__TRY IT__
Reproduce the line that holds "Emma M - Oregon State Babysitter" together with all the lines after it up to the end of the entries.

__RECORDS SHOWN__
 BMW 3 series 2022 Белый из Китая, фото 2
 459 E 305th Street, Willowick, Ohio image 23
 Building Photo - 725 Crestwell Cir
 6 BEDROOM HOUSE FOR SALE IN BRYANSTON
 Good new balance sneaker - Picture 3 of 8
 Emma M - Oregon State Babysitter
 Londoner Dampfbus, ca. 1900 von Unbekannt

__FINAL ANSWER__
 Emma M - Oregon State Babysitter
 Londoner Dampfbus, ca. 1900 von Unbekannt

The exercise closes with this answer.